Record Review - 2 May 20 2004
The dance-punk revolution has finally come to Dixie. Emerging from the much-hallowed Tampa scene (note sarcasm), the Washdown looked to major markets for its sound, brandishing an amped-up, rough around the edges but easy to swallow brand of garage-minded sway punk that's a few shots shy of filling a dancefloor.

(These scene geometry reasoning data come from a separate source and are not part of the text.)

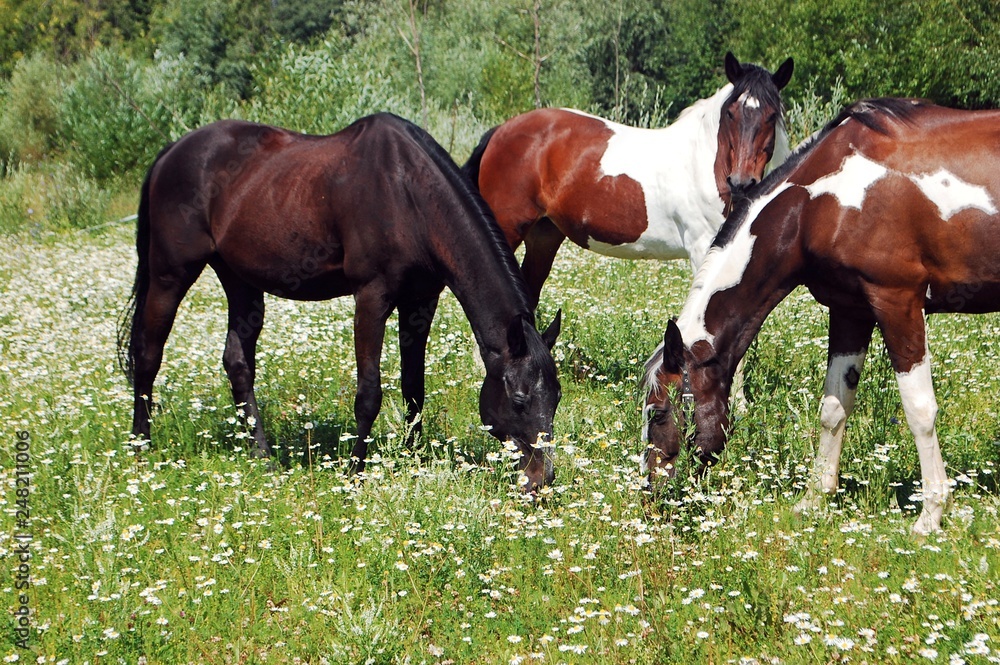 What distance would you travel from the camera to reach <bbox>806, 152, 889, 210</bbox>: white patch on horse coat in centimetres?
475

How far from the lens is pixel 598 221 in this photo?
311 inches

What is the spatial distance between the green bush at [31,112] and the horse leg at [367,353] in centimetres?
1693

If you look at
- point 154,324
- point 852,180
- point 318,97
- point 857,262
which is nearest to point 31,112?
point 318,97

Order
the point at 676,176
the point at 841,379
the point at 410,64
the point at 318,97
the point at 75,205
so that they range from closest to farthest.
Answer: the point at 841,379
the point at 676,176
the point at 75,205
the point at 318,97
the point at 410,64

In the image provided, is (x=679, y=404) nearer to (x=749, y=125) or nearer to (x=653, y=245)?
(x=749, y=125)

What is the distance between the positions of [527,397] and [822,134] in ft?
6.94

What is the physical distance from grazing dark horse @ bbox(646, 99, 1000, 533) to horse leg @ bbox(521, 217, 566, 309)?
11.6 feet

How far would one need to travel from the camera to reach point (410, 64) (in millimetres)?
28625

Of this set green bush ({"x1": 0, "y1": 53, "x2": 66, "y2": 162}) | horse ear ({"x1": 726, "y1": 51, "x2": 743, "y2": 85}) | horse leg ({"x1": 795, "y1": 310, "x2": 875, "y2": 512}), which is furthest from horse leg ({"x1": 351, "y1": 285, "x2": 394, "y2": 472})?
green bush ({"x1": 0, "y1": 53, "x2": 66, "y2": 162})

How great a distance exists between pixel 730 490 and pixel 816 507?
1.64 ft

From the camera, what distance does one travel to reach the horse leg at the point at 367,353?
5672 millimetres

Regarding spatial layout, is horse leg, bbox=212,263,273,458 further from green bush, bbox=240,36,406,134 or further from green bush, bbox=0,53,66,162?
green bush, bbox=0,53,66,162

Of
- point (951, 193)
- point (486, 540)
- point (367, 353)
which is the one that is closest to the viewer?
point (486, 540)

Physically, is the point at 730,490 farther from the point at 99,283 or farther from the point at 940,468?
the point at 99,283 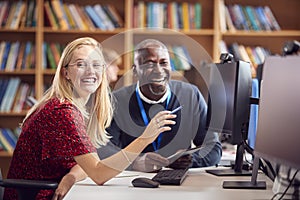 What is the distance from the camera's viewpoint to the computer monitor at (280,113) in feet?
4.70

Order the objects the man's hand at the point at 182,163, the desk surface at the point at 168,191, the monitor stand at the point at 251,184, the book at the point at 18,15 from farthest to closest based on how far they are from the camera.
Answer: the book at the point at 18,15 → the man's hand at the point at 182,163 → the monitor stand at the point at 251,184 → the desk surface at the point at 168,191

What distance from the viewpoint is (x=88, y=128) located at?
7.78ft

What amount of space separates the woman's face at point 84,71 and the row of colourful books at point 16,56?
2.09 metres

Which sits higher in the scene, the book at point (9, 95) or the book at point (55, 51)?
the book at point (55, 51)

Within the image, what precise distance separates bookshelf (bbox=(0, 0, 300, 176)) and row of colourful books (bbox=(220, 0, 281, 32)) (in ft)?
0.19

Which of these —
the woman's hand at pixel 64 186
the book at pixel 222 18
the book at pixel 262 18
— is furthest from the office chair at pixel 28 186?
the book at pixel 262 18

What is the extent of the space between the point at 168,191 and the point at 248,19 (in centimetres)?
274

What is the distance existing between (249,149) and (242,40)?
240 cm

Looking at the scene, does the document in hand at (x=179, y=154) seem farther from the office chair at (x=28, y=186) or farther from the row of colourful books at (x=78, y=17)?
the row of colourful books at (x=78, y=17)

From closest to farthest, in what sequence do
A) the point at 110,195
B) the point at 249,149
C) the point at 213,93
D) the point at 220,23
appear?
the point at 110,195 → the point at 249,149 → the point at 213,93 → the point at 220,23

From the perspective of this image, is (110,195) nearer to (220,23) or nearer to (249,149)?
(249,149)

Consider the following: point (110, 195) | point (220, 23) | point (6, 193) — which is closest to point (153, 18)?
point (220, 23)

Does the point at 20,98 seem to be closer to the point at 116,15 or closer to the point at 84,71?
the point at 116,15

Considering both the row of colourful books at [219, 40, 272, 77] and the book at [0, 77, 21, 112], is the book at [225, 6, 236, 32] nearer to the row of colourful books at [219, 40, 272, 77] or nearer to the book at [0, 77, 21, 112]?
the row of colourful books at [219, 40, 272, 77] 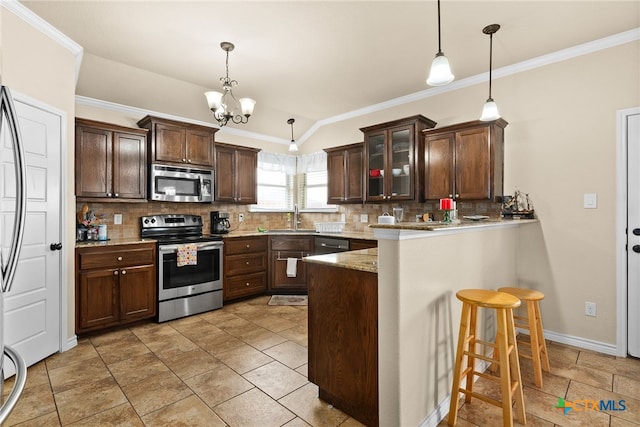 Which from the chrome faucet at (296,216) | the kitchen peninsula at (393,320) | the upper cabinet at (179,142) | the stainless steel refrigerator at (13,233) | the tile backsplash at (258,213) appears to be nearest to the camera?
the stainless steel refrigerator at (13,233)

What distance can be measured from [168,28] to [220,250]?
247 cm

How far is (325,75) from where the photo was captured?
12.2 ft

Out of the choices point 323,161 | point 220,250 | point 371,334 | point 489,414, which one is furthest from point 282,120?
point 489,414

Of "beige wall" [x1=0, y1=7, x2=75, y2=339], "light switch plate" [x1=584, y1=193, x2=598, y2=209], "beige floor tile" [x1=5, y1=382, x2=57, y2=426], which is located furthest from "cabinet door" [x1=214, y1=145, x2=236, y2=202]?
"light switch plate" [x1=584, y1=193, x2=598, y2=209]

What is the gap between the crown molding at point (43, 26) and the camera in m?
2.45

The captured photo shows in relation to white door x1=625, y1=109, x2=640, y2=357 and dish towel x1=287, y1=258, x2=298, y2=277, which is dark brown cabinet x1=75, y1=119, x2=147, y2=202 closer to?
dish towel x1=287, y1=258, x2=298, y2=277

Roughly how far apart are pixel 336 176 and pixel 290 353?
2.71 meters

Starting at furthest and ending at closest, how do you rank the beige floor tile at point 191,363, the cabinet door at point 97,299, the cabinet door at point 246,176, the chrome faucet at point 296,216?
the chrome faucet at point 296,216, the cabinet door at point 246,176, the cabinet door at point 97,299, the beige floor tile at point 191,363

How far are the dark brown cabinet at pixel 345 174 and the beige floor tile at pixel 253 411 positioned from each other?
9.59 feet

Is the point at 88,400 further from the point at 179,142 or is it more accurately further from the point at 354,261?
the point at 179,142

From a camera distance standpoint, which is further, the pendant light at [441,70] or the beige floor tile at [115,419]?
the pendant light at [441,70]

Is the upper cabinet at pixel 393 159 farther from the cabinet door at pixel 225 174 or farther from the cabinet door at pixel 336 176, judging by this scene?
the cabinet door at pixel 225 174

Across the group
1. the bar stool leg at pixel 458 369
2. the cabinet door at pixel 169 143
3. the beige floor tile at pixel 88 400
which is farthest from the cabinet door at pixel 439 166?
the beige floor tile at pixel 88 400

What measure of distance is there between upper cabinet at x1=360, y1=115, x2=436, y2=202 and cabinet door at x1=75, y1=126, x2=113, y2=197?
3007 millimetres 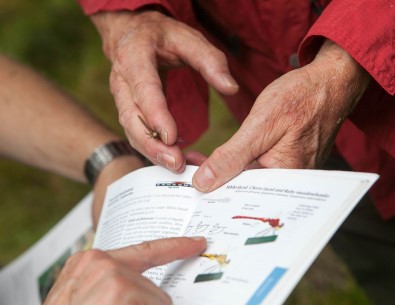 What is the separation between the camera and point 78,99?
1.69 metres

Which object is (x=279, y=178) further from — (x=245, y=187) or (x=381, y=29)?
(x=381, y=29)

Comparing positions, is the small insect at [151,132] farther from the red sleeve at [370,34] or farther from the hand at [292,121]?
the red sleeve at [370,34]

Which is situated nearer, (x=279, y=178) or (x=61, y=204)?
(x=279, y=178)

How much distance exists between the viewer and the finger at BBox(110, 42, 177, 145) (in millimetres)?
905

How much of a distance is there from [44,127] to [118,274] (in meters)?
0.77

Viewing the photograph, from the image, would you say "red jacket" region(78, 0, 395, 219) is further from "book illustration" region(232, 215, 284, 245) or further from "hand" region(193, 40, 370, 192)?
"book illustration" region(232, 215, 284, 245)

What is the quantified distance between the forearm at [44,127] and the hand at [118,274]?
2.05ft

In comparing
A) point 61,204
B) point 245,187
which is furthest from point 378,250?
point 61,204

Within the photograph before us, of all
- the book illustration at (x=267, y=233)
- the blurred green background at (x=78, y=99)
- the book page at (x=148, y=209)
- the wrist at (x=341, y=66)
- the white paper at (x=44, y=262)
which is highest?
the wrist at (x=341, y=66)

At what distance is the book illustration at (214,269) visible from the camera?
0.73 metres

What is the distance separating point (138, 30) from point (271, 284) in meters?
0.55

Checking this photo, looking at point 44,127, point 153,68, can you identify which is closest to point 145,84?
point 153,68

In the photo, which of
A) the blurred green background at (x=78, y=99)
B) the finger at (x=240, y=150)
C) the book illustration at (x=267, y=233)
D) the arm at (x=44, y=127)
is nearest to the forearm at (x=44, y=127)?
the arm at (x=44, y=127)

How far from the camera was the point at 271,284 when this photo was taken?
0.67m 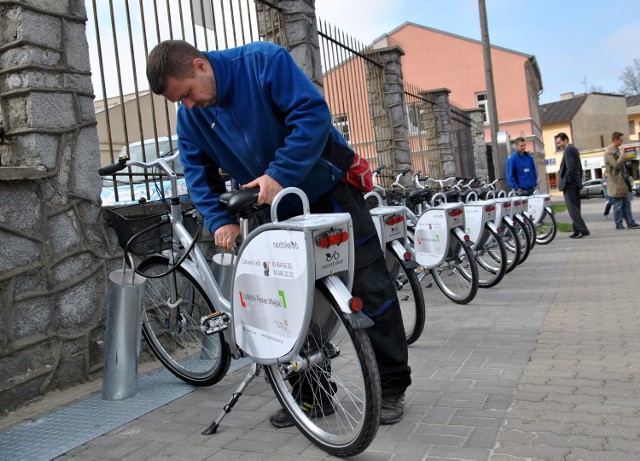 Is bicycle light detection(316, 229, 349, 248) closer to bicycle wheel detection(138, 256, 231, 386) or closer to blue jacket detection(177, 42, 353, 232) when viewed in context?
blue jacket detection(177, 42, 353, 232)

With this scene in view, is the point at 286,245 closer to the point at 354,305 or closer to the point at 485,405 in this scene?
the point at 354,305

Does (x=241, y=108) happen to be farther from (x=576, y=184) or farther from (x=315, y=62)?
(x=576, y=184)

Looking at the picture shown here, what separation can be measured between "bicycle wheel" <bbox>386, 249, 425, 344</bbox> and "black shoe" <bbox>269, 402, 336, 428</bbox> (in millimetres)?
1543

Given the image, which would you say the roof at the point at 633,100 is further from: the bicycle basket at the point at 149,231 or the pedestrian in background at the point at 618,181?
the bicycle basket at the point at 149,231

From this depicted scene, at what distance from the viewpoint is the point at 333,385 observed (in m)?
3.21

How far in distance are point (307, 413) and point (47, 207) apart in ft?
7.25

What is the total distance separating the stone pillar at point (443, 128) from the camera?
1546cm

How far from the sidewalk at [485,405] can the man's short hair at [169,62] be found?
1719 mm

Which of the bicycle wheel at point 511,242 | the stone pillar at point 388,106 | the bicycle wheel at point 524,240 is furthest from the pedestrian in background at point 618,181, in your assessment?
the bicycle wheel at point 511,242

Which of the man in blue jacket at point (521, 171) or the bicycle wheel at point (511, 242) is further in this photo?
the man in blue jacket at point (521, 171)

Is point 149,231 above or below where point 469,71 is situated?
below

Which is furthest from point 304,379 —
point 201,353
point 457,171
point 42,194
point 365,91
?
point 457,171

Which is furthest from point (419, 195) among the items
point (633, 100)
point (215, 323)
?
point (633, 100)

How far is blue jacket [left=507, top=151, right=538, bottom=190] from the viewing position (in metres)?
12.4
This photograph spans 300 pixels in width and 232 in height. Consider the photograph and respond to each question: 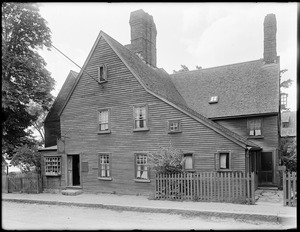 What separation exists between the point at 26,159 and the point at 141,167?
8756 millimetres

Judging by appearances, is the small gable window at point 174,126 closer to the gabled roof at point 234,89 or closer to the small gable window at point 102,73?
the small gable window at point 102,73

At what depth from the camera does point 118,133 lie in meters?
17.2

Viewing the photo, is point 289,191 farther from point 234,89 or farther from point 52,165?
point 52,165

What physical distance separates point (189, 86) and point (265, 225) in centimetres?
1620

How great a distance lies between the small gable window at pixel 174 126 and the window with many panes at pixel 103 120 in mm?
4334

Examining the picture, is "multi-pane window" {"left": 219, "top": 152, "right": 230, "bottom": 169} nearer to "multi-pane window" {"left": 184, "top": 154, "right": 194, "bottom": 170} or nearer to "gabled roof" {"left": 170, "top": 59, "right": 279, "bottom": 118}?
"multi-pane window" {"left": 184, "top": 154, "right": 194, "bottom": 170}

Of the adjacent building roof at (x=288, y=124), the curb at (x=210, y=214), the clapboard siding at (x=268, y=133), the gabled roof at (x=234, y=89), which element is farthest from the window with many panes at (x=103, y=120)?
the adjacent building roof at (x=288, y=124)

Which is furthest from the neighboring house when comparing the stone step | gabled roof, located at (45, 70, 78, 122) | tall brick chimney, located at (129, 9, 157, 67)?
gabled roof, located at (45, 70, 78, 122)

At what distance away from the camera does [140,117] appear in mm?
16719

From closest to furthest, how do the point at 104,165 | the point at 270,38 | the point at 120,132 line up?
the point at 120,132, the point at 104,165, the point at 270,38

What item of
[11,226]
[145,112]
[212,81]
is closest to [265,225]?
[11,226]

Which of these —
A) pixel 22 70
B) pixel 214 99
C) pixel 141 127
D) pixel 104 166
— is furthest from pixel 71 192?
pixel 214 99

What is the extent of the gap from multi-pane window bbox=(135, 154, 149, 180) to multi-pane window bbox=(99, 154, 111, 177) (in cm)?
211

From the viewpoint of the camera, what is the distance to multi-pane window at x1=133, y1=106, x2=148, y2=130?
1653cm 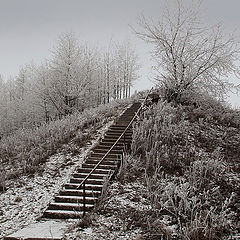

You name a current garage or dance-punk band, and a keen ear can find a moment in the quintet's debut Yes to Everything — recorded at Atlanta's Zero Return Studio — where the Washdown run tangent to that act. The clean, bouncy guitar strums of Franz Ferdinand face off with the dirty lo-fi garage of labelmates the Pattern. Take the Rapture's funky, but not dancey, lockstep rhythms around the time of its 2001 EP, Out of the Races and Onto the Tracks, and throw in the headstrong swagger of the Hives or Mooney Suzuki. The formula: Throw three chords together, click your boots, but don't quite shake your ass.
About midway through "Ladies and Gentlemen," track seven out of 11, it becomes clear that if you require a touchstone to understand the Washdown's vibe, it's gotta be British Columbian neo-wavers Hot Hot Heat, whose Sub Pop-released Knock Knock Knock EP carries the same sort of pulled-punch wallop felt here.
To recap: The Rapture, they are not, but the Washdown is a brief dalliance with Brooklyn-based production team DFA away from body movin'.
The Washdown plays the Echo Lounge at 9 p.m. Thurs., May 20. $8.